At the end of 1928, Porsche left Daimler-Benz for Steyr in Vienna, and in 1930 he set up his own engineering firm in Zuffenhausen, where he became involved in the Volkswagen project. Meanwhile, he was replaced at Daimler-Benz by his former assistant Hans Nibel, another brilliant technician. Nibel's credits included the great 200-bhp "Blitzen Benz" speed record car of 1910 and a host of fine touring cars in the early Twenties.

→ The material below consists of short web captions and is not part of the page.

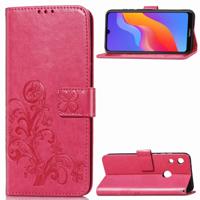 Lucky Clover ingedrukt bloemen patroon lederen case voor Huawei Honor 8A met houder & kaartsleuven & portemonnee & hand strap (Rose rood)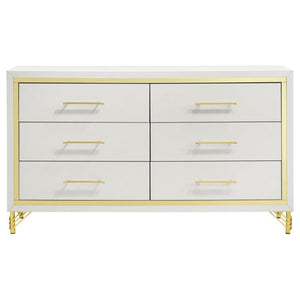 Lucia - 6-Drawer Dresser - White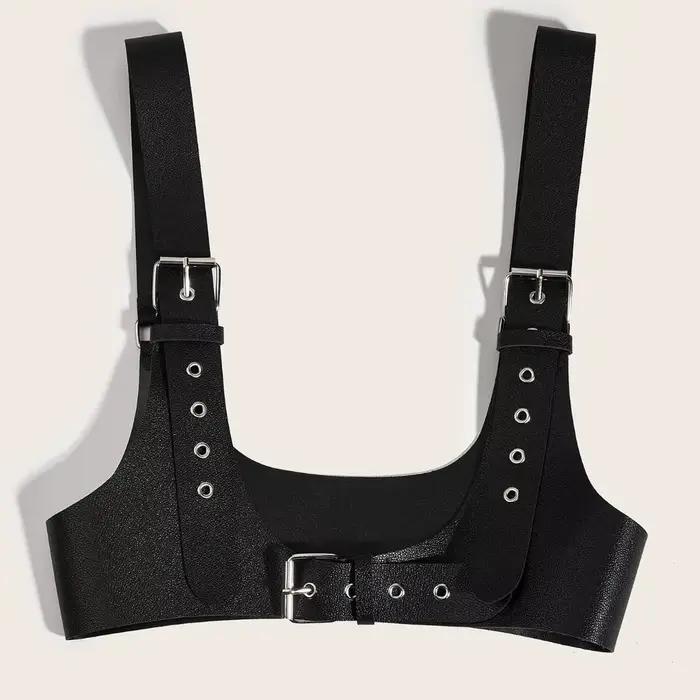 Ceinture Corset en cuir U, harnais, Style de rue, large ceinture Punk, poitrine, réglable, bretelles gothiques en cuir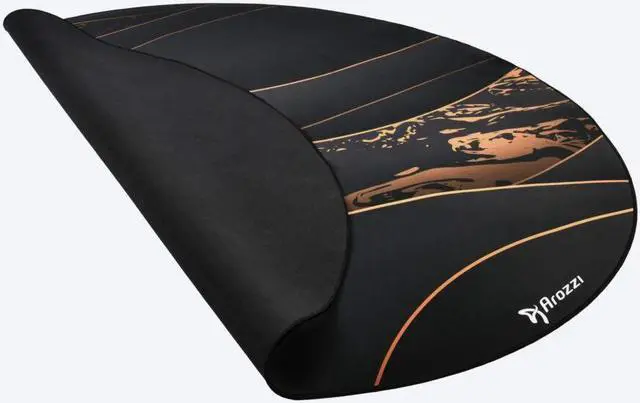 Alt view image 2 of 4 - Arozzi Zona Microfiber Noise Dampening and Scratch Protection Anti-Slip Chair Mat - Black Gold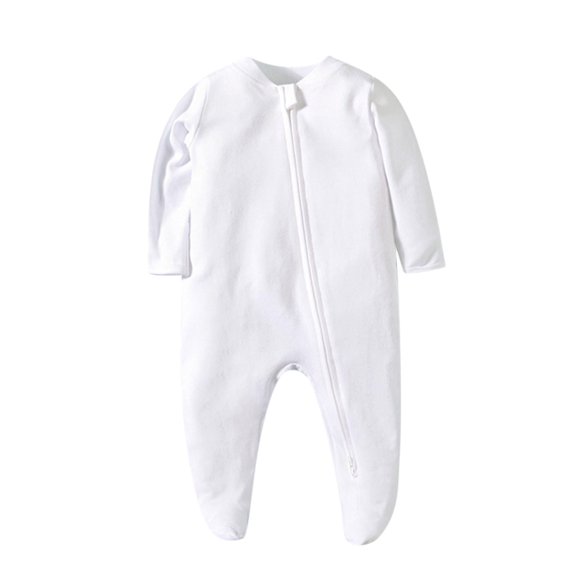 GPAECEAD Boys Girls Romper Solid Color Crawling Suit Long Jumpsuit Summer Jumpsuit Newborn Pajamas White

Porsche was still at the helm when an even more formidable sporting Mercedes went into production in late 1928: the SS (Super Sport), basically a lighter S (by about 66 pounds) with a more powerful, seven-liter engine. Its blower, providing eight psi boost, was shared with the S, but compression was raised and valves and ports were larger. Maximum supercharged horsepower now rose to 200, top speed to 115 mph, and 0-60 took less than 15 seconds. Such numbers seemed like fiction in the world of 1928, but they were valid enough.
The SS remained in production up to 1933, but very few were constructed after the end of 1929. Total production is estimated at only 109 cars. Next step was the yet-hairier SSK, a short-wheel-base derivative of the SS built alongside it in 1928. As with the 1926 Model K, the letter denoted kurz (short). Its chassis was lighter still at 2,680 pounds. In addition a bigger blower delivering 10 psi boost, gave the SSK engine more power. With the supercharger engaged it put out 225 bhp at 3,200 rpm, good for a sizzling 120-mph top speed under test conditions with perfectly tuned factory examples.
The SSK enjoyed a brilliant competition career. Caracciola scored its first victory at the Gabelbach hillclimb in 1928, then repeated Model S wins at Frieburg and Semmering. In 1930, he won the Irish Grand Prix in an SSK against a host of open-wheel racing cars.
On track or road the SSK was truly a supercar. Britain's The Motor published a test in June 1931 and said the results (0-90 in 45 seconds, top speed 103.2) fell short of expectations. Considering the state of the art in the early 1930s, the editors must have expected a great deal, for such performance was then unequalled by any other car in the world. The number of SSKs built is estimated at 31, all from 1928 to 1931.